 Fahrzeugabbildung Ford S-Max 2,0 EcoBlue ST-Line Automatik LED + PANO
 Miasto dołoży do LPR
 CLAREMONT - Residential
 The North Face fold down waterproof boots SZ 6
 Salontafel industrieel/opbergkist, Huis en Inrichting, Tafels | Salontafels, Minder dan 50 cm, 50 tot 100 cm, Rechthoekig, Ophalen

======

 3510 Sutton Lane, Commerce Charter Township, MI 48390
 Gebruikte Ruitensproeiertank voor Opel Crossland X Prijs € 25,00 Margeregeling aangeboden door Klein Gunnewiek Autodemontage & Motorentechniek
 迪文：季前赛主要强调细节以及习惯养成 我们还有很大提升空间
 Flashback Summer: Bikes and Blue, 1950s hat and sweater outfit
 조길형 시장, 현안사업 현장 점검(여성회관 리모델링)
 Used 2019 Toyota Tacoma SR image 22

======

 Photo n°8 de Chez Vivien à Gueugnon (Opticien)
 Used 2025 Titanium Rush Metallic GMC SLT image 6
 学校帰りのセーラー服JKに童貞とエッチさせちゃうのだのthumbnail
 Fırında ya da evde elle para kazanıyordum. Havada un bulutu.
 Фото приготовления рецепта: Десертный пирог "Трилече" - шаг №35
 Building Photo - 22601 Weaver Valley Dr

======

Find out how many lines in the listing contain the word "Used", and respond with that number only.

2